Stuttering is a relatively low-prevalence disorder. Across all cultures, roughly 1% of people currently has a stuttering disorder. This differs from incidence, or number of individuals who have been diagnosed with stuttering at some point in their lives. Research suggests that roughly 5% of the population has ever been diagnosed with a stuttering disorder. This difference suggests that a significant number of individuals who stutter will someday develop through or ""grow out of" the problem. Research suggests that roughly 50-80% of all children who begin to stutter will stop stuttering. In addition, approximately three times as many men stutter as women. This ratio seems to be lower early in childhood, with a similar number of girls and boys stuttering. The ratio of boys to girls appears to get larger as children become older. This phenomenon suggests that males are more likely to continue to stutter than females.

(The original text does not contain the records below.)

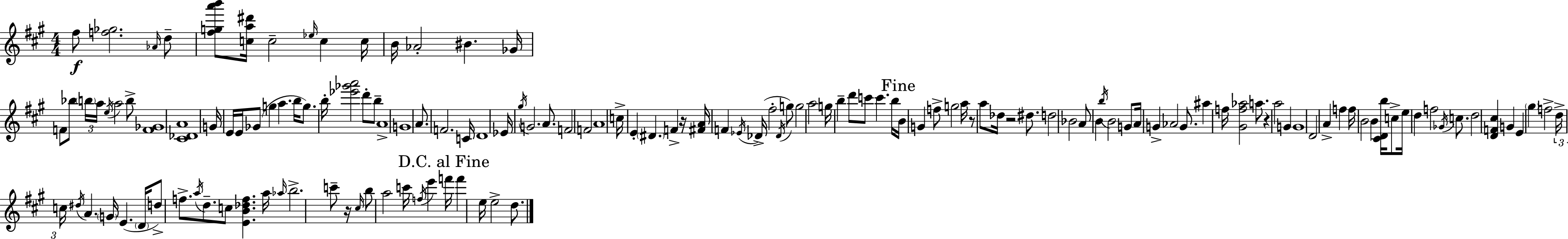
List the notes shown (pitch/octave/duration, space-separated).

F#5/e [F5,Gb5]/h. Ab4/s D5/e [F#5,G5,A6,B6]/e [C5,A5,D#6]/s C5/h Eb5/s C5/q C5/s B4/s Ab4/h BIS4/q. Gb4/s F4/e Bb5/e B5/s A5/s E5/s A5/h B5/e [F4,Gb4]/w [C#4,Db4,A4]/w G4/s E4/s E4/s Gb4/e G5/q A5/q. B5/s G5/e. B5/s [Eb6,Gb6,A6]/h D6/e B5/e A4/w G4/w A4/e. F4/h. C4/s D4/w Eb4/s G#5/s G4/h. A4/e. F4/h F4/h A4/w C5/s E4/q D#4/q. F4/q R/s [F#4,A4]/s F4/q Eb4/s Db4/s F#5/h Db4/s G5/e G5/h A5/h G5/s B5/q D6/e C6/e C6/q. B5/s B4/s G4/q F5/e G5/h A5/s R/e A5/e Db5/s R/h D#5/e. D5/h Bb4/h A4/e B4/q B5/s B4/h G4/e A4/s G4/q Ab4/h G4/e. A#5/q F5/s [G#4,F5,Ab5]/h A5/e. R/q A5/h G4/q G4/w D4/h A4/q F5/q F5/s B4/h B4/q [C#4,D4,B5]/s C5/e E5/s D5/q F5/h Gb4/s C5/e. D5/h [D4,F4,C#5]/q G4/q E4/q G#5/q F5/h D5/s C5/s D#5/s A4/q. G4/s E4/q. D4/s D5/e F5/e. A5/s D5/e. C5/e [E4,B4,Db5,F5]/q. A5/s Ab5/s B5/h. C6/e R/s C#5/s B5/e A5/h C6/s F5/s E6/q F6/s F6/q E5/s E5/h D5/e.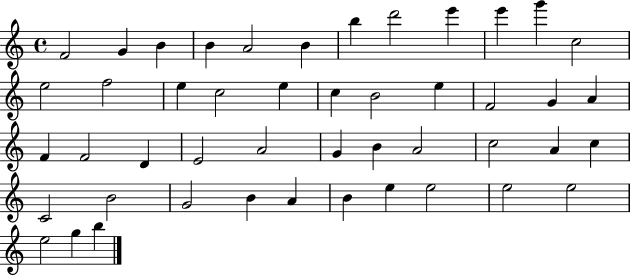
{
  \clef treble
  \time 4/4
  \defaultTimeSignature
  \key c \major
  f'2 g'4 b'4 | b'4 a'2 b'4 | b''4 d'''2 e'''4 | e'''4 g'''4 c''2 | \break e''2 f''2 | e''4 c''2 e''4 | c''4 b'2 e''4 | f'2 g'4 a'4 | \break f'4 f'2 d'4 | e'2 a'2 | g'4 b'4 a'2 | c''2 a'4 c''4 | \break c'2 b'2 | g'2 b'4 a'4 | b'4 e''4 e''2 | e''2 e''2 | \break e''2 g''4 b''4 | \bar "|."
}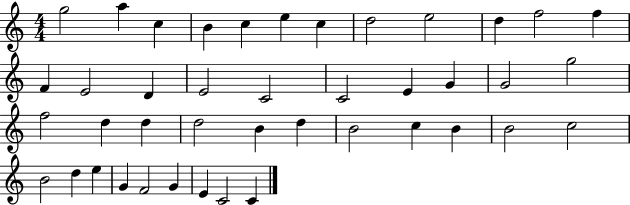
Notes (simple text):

G5/h A5/q C5/q B4/q C5/q E5/q C5/q D5/h E5/h D5/q F5/h F5/q F4/q E4/h D4/q E4/h C4/h C4/h E4/q G4/q G4/h G5/h F5/h D5/q D5/q D5/h B4/q D5/q B4/h C5/q B4/q B4/h C5/h B4/h D5/q E5/q G4/q F4/h G4/q E4/q C4/h C4/q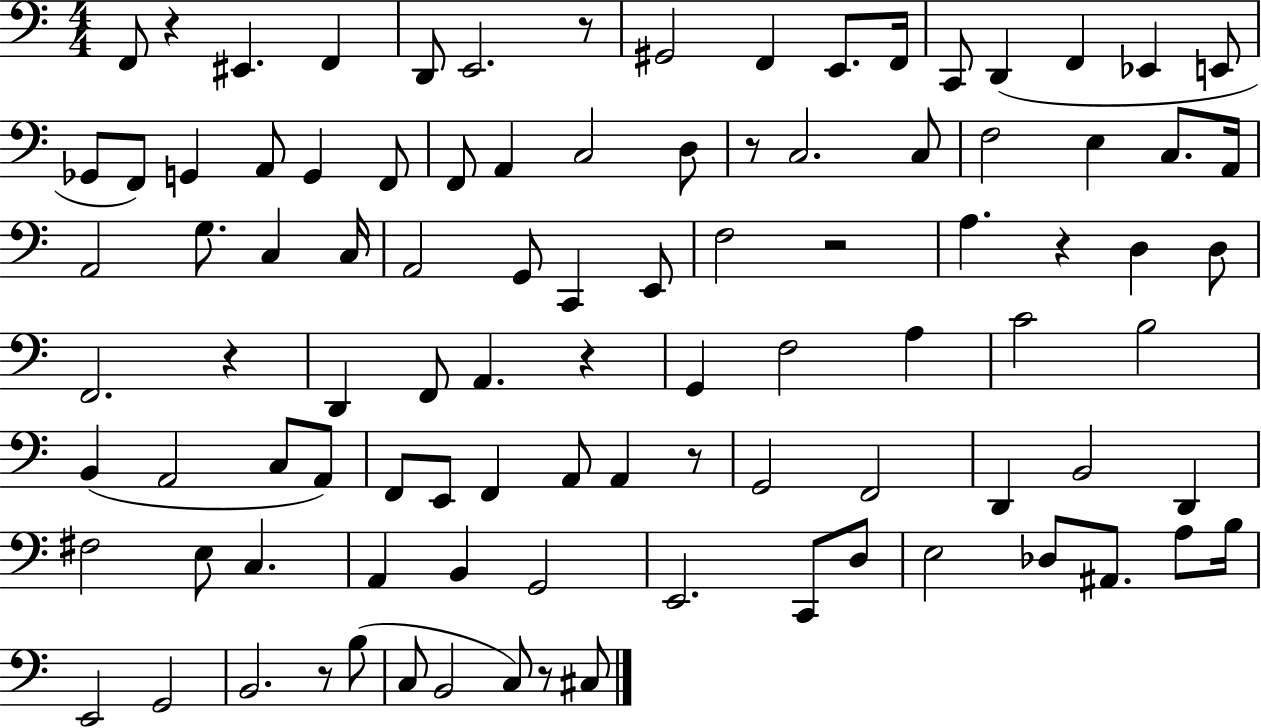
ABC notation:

X:1
T:Untitled
M:4/4
L:1/4
K:C
F,,/2 z ^E,, F,, D,,/2 E,,2 z/2 ^G,,2 F,, E,,/2 F,,/4 C,,/2 D,, F,, _E,, E,,/2 _G,,/2 F,,/2 G,, A,,/2 G,, F,,/2 F,,/2 A,, C,2 D,/2 z/2 C,2 C,/2 F,2 E, C,/2 A,,/4 A,,2 G,/2 C, C,/4 A,,2 G,,/2 C,, E,,/2 F,2 z2 A, z D, D,/2 F,,2 z D,, F,,/2 A,, z G,, F,2 A, C2 B,2 B,, A,,2 C,/2 A,,/2 F,,/2 E,,/2 F,, A,,/2 A,, z/2 G,,2 F,,2 D,, B,,2 D,, ^F,2 E,/2 C, A,, B,, G,,2 E,,2 C,,/2 D,/2 E,2 _D,/2 ^A,,/2 A,/2 B,/4 E,,2 G,,2 B,,2 z/2 B,/2 C,/2 B,,2 C,/2 z/2 ^C,/2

Speech-language pathologists are responsible for making the diagnosis and managing the treatment of adults and children who stutter. Preferably, a board-certified speech-language pathologist board should be sought for direct intervention or consulting. Diagnosis of stuttering, or identifying children at risk for stuttering, is difficult because most children will show excessive disfluencies in their speech. With children, diagnostic procedures include the collection and analysis of speech and disfluent behaviors in a variety of situations. In addition, the child's general speech-language abilities will be evaluated.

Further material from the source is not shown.